=== Dataset content ===

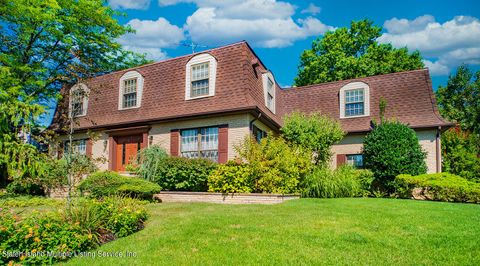 Photo of 85 Johanna Lane, Staten Island, NY 10309 (MLS # 1157837)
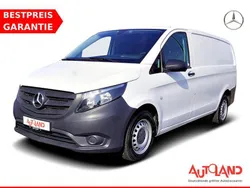 Weiss Gebraucht 2018 Mercedes Vito Van / Kleinbus | 16.890 € (Fairer Preis)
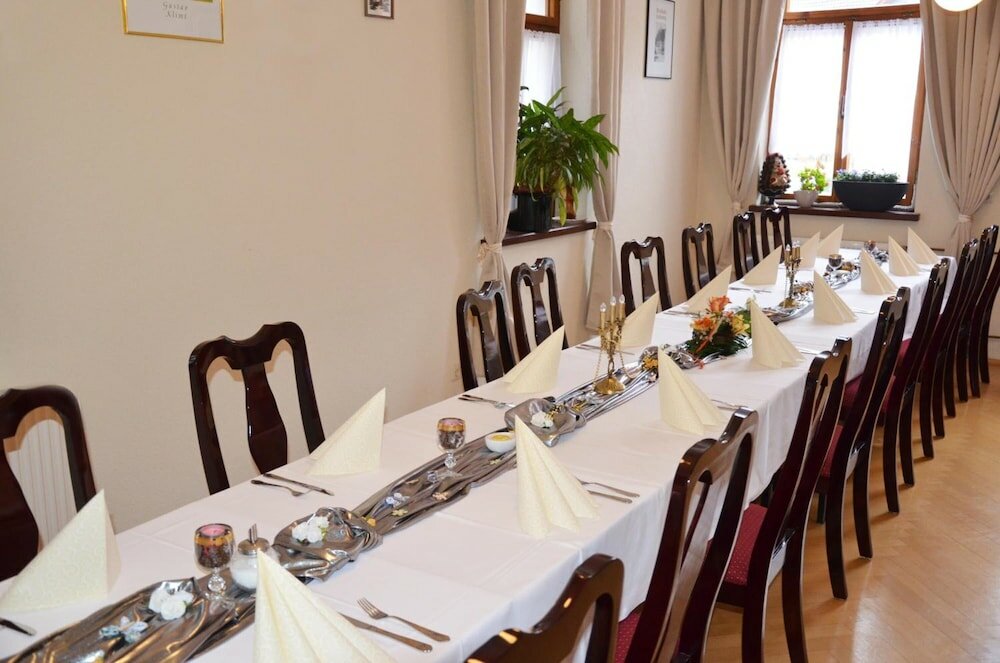 Фото Hotel Restaurant Zur Hallenburg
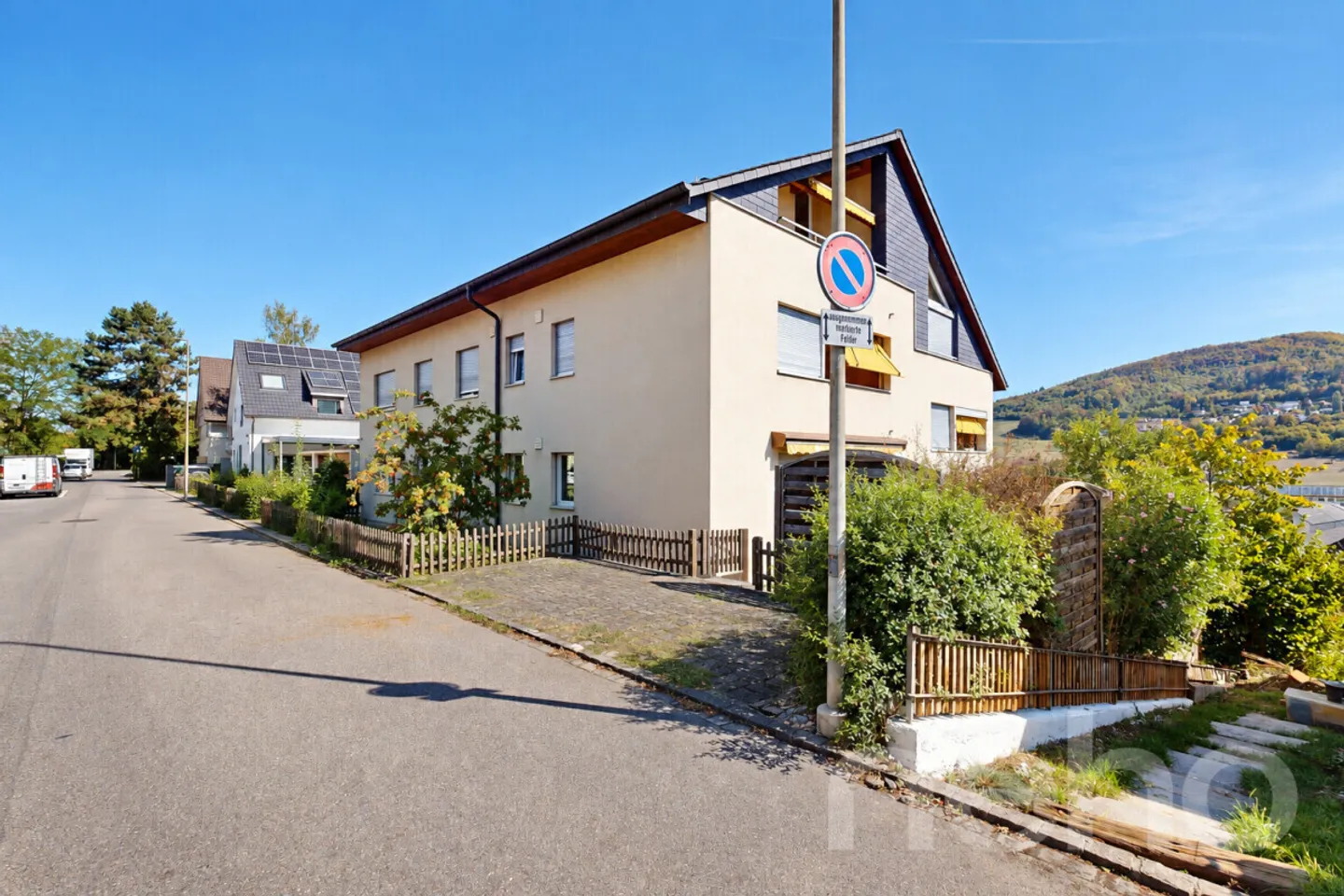 Cozy garden apartment with garage and two outdoor parking spaces - Photo 11 of 12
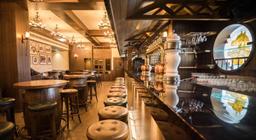 Hotel Peninsula Redpine in Mumbai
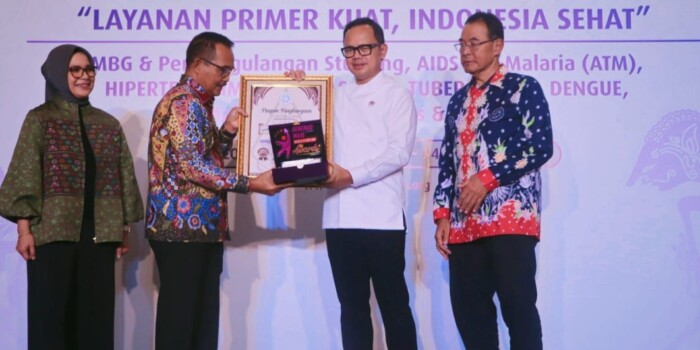 Wakil Bupati Musi Banyuasin Kyai Abdur Rohman Husen menerima penghargaan ADINKES Award 2025 secara langsung dari Wakil Menteri Dalam Negeri Dr. Bima Arya dalam ajang Pentaloka Nasional, Selasa malam, 21 Oktober 2025 di Hotel Lorin Dwangsa, Solo, Jawa Tengah. (Foto: Humas Pemkab Muba)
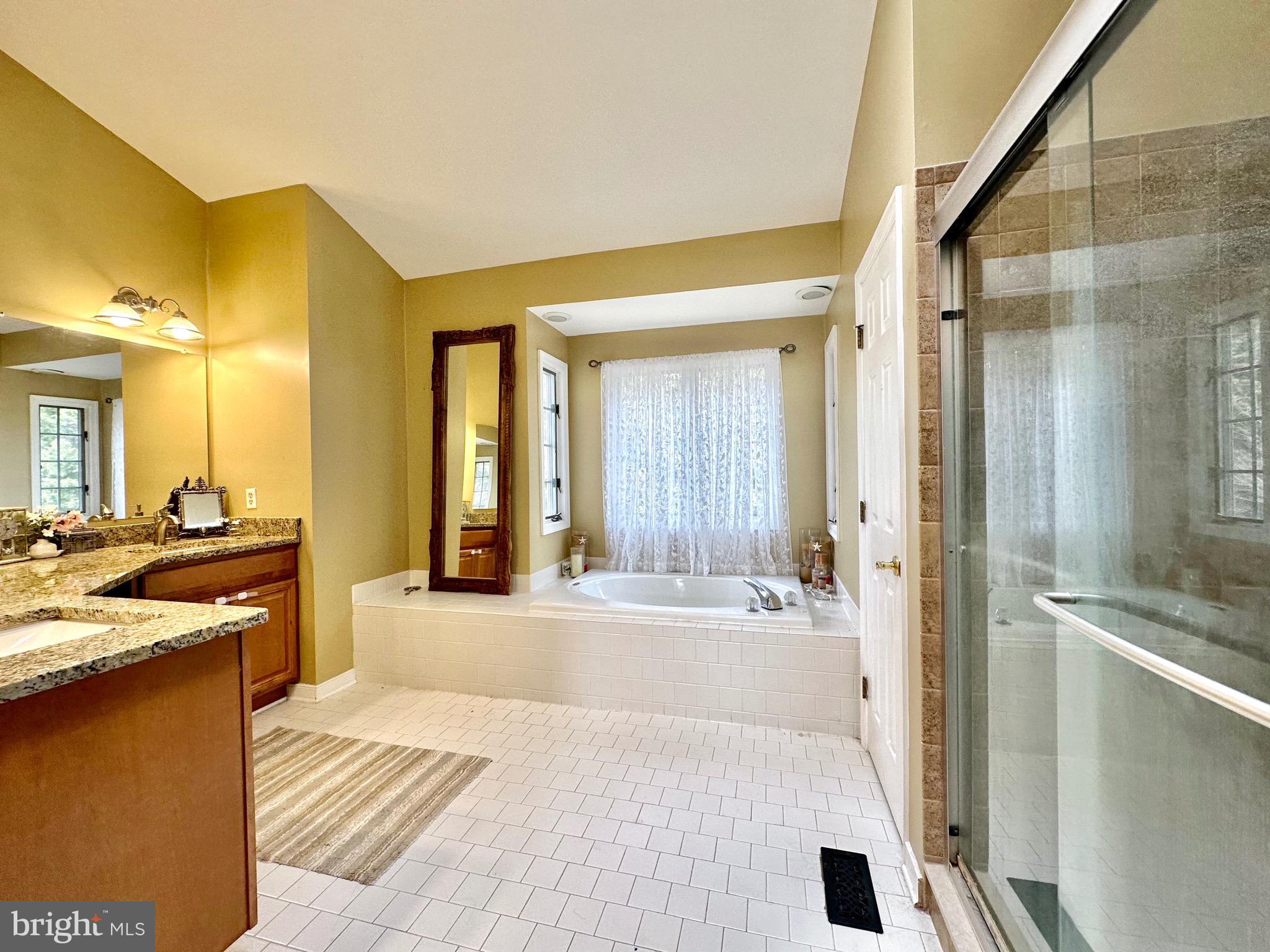 OVERVIEW MANOR - Residential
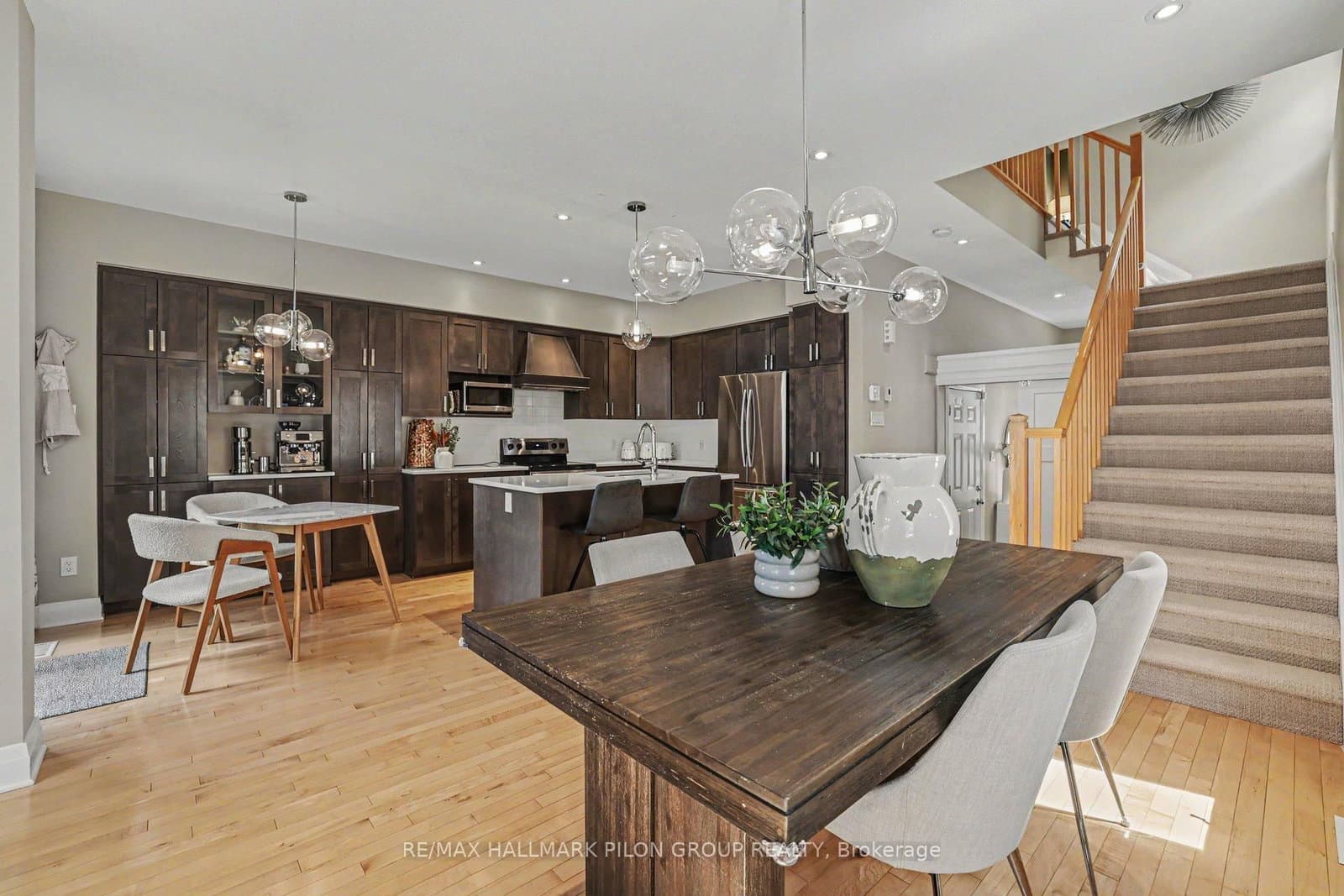 208 Butterfly Walk, Ottawa, ON — photo 7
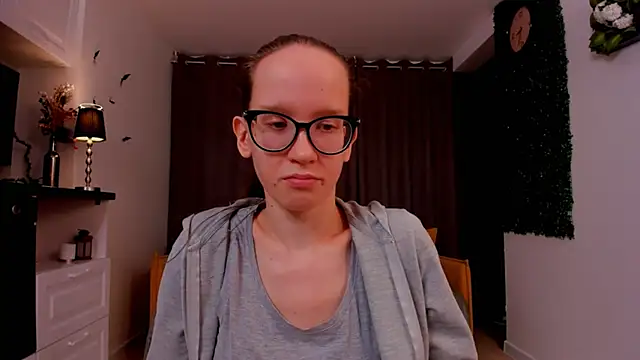 Snapshot of BettyBrowni chatting on February 28, 2025, 1:26 am BettyBrowni online show from February 28, 2025, 1:26 am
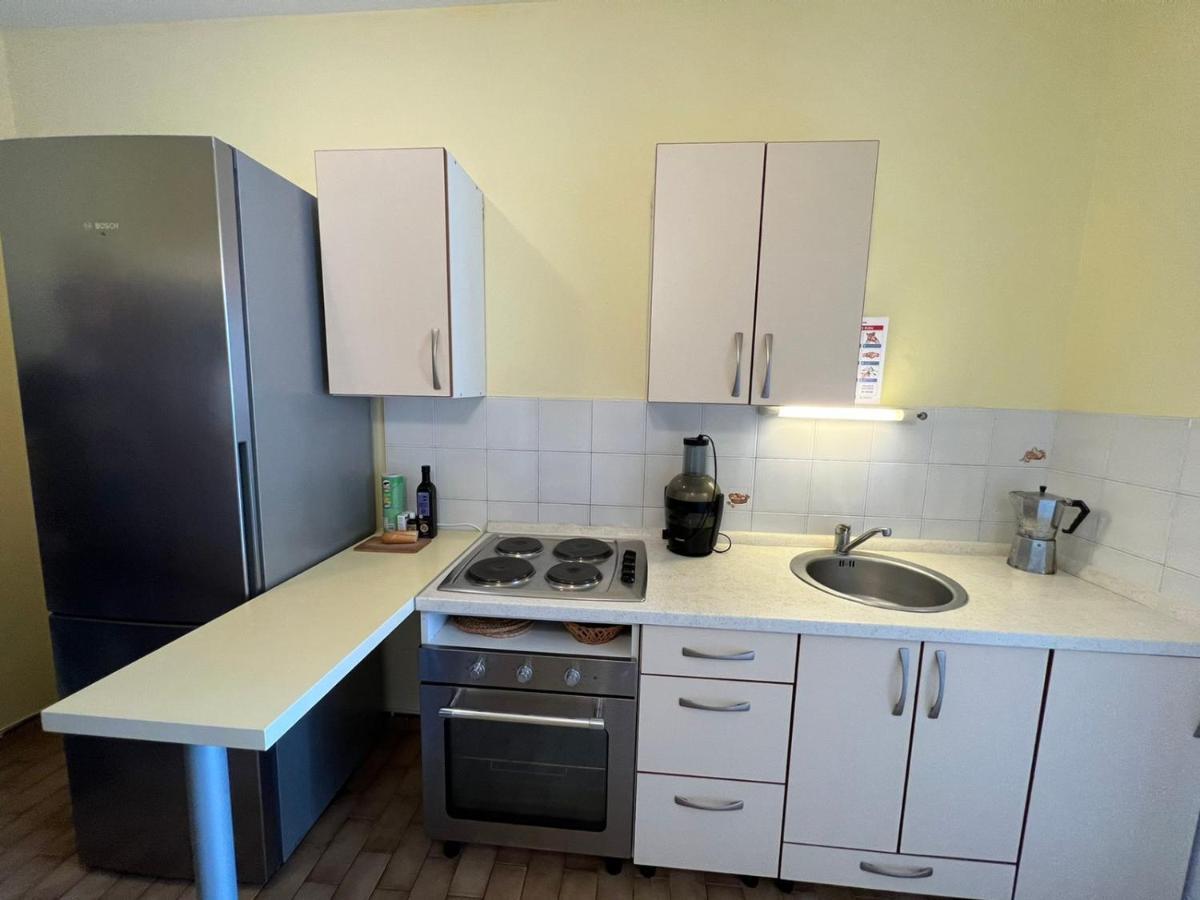 Sea Breeze Apartments With Private Beach And Boat Anchorage Stara Novalja Exterior photo
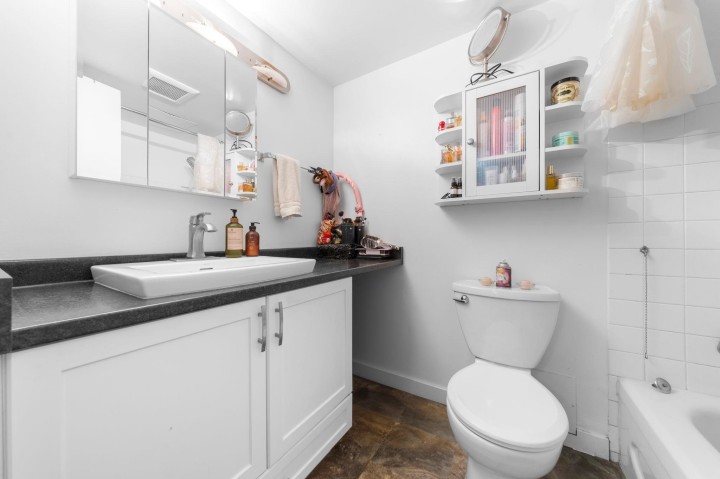 Photo 12 at 706 - 145 St. Georges Avenue, Lower Lonsdale, North Vancouver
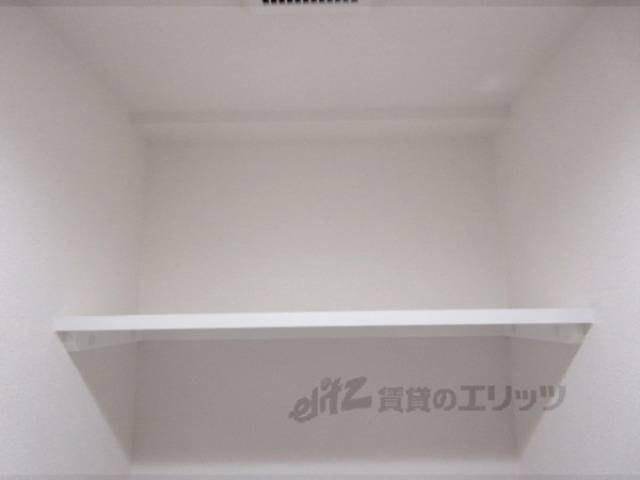 トイレ　トイレ上収納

===

From the data above, return only the lines starting at the line that holds "Cozy garden apartment" and ending at the line that holds "Hotel Peninsula Redpine in Mumbai", word for word and without pictures.

→ Answer section:
 Cozy garden apartment with garage and two outdoor parking spaces - Photo 11 of 12
 Hotel Peninsula Redpine in Mumbai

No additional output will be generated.